Accept my gratitude if you do! But in case you saw Agent K and Agent J sometime after Thursday or for any other reason, do not recall it, here is where were we left things:

We had a dataset with two sets of numbers (Set 1 and Set2). We did a bunch of stuff and decided that the Normal Distribution Data Model provides a good fit for both of sample sets. We, then used the right parameters for Normal Data Model (mean and standard deviation) to generate one new sample set based on each set. We then looked at the four sets next to each other and asked a rather simple question: Are these sets different or similar?
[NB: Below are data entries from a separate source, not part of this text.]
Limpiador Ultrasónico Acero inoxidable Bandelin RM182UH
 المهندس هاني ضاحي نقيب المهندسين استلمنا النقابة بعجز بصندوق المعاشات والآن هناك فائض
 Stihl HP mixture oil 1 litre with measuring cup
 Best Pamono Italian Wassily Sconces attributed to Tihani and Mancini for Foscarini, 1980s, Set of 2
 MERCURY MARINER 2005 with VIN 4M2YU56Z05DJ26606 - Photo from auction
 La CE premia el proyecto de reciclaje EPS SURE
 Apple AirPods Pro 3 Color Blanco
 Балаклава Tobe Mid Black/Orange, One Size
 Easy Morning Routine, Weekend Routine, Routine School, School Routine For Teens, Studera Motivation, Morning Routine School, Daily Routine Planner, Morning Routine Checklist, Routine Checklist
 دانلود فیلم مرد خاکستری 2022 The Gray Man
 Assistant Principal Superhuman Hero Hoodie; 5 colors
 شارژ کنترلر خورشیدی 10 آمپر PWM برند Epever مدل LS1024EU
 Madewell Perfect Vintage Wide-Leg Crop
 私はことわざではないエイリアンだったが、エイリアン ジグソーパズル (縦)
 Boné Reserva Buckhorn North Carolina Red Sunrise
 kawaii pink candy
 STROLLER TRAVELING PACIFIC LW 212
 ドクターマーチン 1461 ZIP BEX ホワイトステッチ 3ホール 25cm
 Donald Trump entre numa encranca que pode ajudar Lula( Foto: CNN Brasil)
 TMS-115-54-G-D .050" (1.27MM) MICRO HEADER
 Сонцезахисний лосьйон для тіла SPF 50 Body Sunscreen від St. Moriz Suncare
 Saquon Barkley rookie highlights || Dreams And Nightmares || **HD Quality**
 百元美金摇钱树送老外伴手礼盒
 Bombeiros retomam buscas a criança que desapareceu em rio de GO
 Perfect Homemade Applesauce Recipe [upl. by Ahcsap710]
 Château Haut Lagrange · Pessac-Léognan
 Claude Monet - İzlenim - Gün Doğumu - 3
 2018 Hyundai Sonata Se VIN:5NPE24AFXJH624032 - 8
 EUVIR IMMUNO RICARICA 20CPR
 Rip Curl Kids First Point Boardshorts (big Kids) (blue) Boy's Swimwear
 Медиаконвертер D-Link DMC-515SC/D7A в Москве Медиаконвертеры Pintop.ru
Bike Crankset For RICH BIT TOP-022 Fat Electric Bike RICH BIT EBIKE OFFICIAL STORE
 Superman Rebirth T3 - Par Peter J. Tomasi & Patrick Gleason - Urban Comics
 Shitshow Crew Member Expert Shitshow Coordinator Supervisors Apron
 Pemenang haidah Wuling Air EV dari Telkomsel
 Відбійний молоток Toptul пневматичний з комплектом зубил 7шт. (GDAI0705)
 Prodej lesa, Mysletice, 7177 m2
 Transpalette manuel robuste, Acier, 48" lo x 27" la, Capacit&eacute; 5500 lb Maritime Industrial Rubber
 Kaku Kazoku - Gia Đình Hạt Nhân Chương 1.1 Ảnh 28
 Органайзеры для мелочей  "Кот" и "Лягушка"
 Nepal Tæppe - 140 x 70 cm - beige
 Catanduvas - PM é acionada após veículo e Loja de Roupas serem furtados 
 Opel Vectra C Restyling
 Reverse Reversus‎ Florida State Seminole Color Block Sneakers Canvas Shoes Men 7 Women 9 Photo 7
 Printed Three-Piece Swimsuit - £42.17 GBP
While we reached some assertions based on visual assessment, we did not manage to solidify our assertation in any numerical way. Well, now is the time!

#Load the necessary packages
import numpy as np
import pandas as pd
import matplotlib.pyplot as plt

Lets get our data from http://54.243.252.9/engr-1330-webroot/8-Labs/Lab17/lab14_E1data.csv

#Previously ...
data = pd.read_csv("lab14_E1data.csv") 
set1 = np.array(data['Set1'])
set2 = np.array(data['Set2'])
mu1 = set1.mean()
sd1 = set1.std()
mu2 = set2.mean()
sd2 = set2.std()
set1_s = np.random.normal(mu1, sd1, 100)
set2_s = np.random.normal(mu2, sd2, 100)
data2 = pd.DataFrame({'Set1s':set1_s,'Set2s':set2_s})

#Previously ...
fig, ax = plt.subplots()
data2.plot.hist(density=False, ax=ax, title='Histogram: Set1 and Set1 samples vs. Set2 and Set2 samples', bins=40)
data.plot.hist(density=False, ax=ax, bins=40)

ax.set_ylabel('Count')
ax.grid(axis='y')

#Previously ...
fig = plt.figure(figsize =(10, 7)) 
plt.boxplot ([set1, set1_s, set2, set2_s],1, '')
plt.show()

We can use statistical hypothesis tests to confirm that our sets are from Normal Distribution Data Models. We can use the Shapiro-Wilk Normality Test:

# the Shapiro-Wilk Normality Test for set1
from scipy.stats import shapiro

stat, p = shapiro(data['Set1'])
print('stat=%.3f, p=%.3f' % (stat, p))
if p > 0.05:
	print('Probably Gaussian')
else:
	print('Probably not Gaussian')

stat=0.992, p=0.793
Probably Gaussian

# the Shapiro-Wilk Normality Test for set2
from scipy.stats import shapiro

stat, p = shapiro(data['Set2'])
print('stat=%.3f, p=%.3f' % (stat, p))
if p > 0.05:
	print('Probably Gaussian')
else:
	print('Probably not Gaussian')

stat=0.981, p=0.151
Probably Gaussian

Now let's confirm that set1 and set1_s are from the same distribution. We can use the Mann-Whitney U Test for this:__

from scipy.stats import mannwhitneyu # import a useful non-parametric test
stat, p = mannwhitneyu(data['Set1'],data2['Set1s'])
print('statistic=%.3f, p-value at rejection =%.3f' % (stat, p))
if p > 0.05:
    print('Probably the same distribution')
else:
    print('Probably different distributions')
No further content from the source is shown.